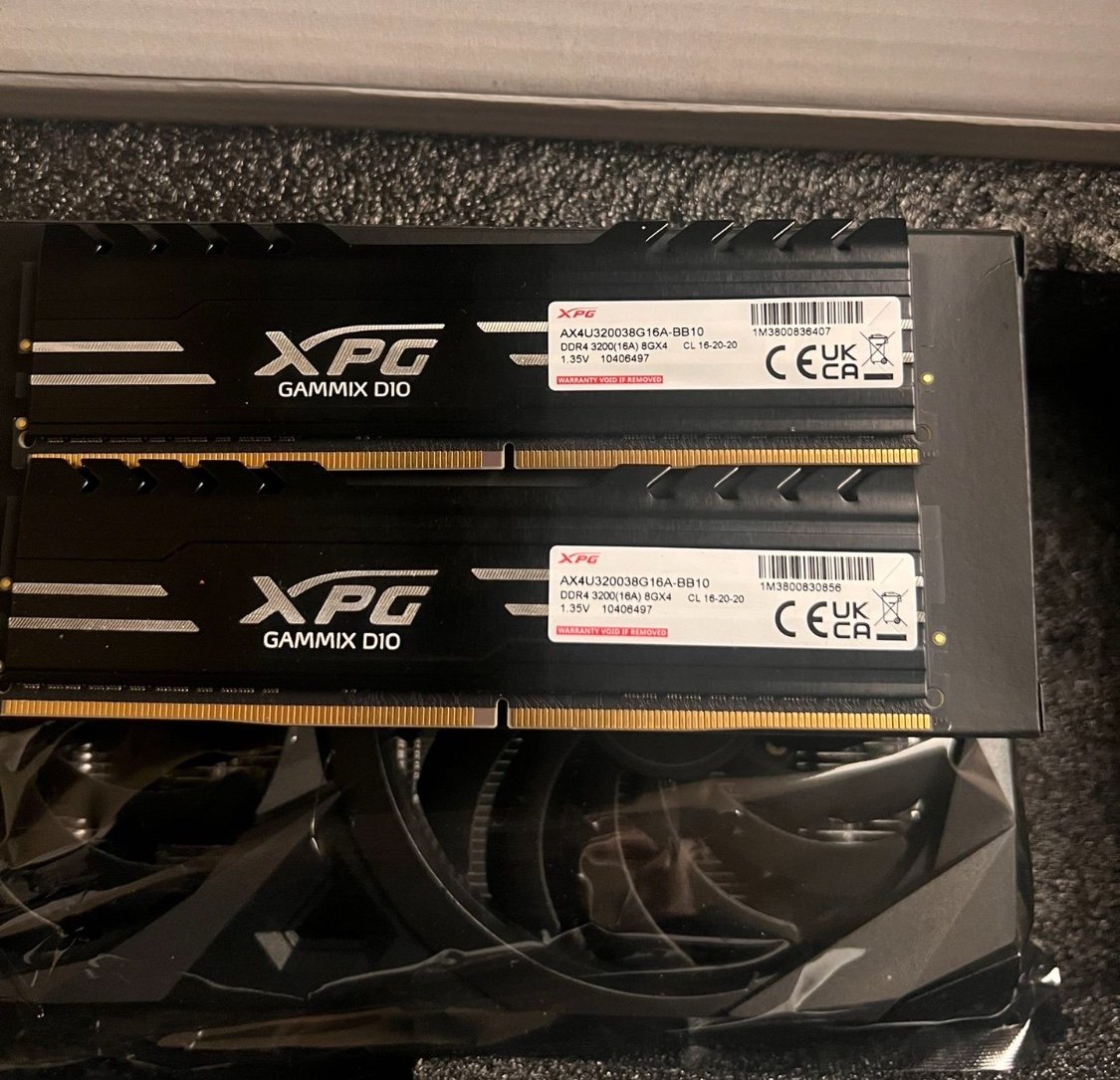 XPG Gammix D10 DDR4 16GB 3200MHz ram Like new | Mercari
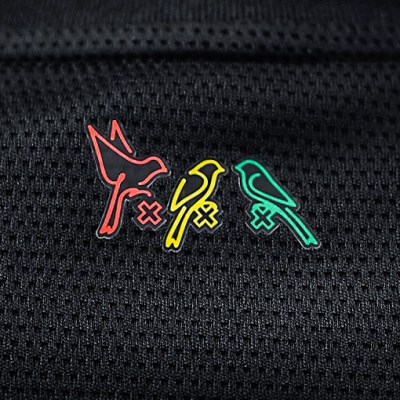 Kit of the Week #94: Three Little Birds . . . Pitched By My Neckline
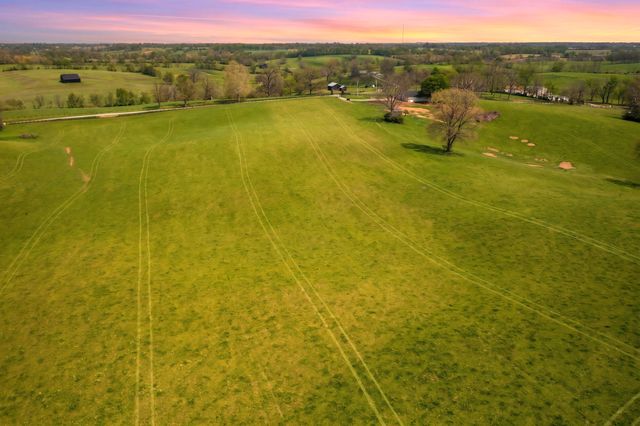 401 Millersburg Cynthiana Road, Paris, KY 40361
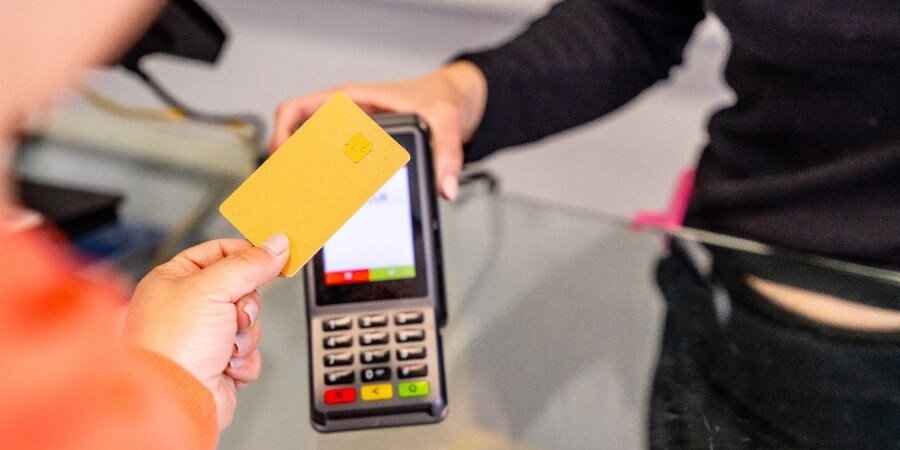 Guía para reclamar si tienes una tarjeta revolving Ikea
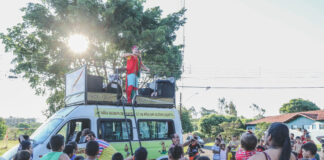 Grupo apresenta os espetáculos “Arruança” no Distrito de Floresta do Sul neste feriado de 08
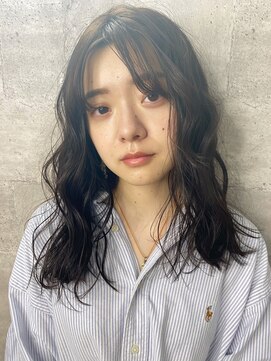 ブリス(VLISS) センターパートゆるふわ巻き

--*--

Find the line containing "401 Millersburg Cynthiana" in the records above, then copy it and every line after it exactly, through the last one, without any pictures.

 401 Millersburg Cynthiana Road, Paris, KY 40361
 Guía para reclamar si tienes una tarjeta revolving Ikea
 Grupo apresenta os espetáculos “Arruança” no Distrito de Floresta do Sul neste feriado de 08
 ブリス(VLISS) センターパートゆるふわ巻き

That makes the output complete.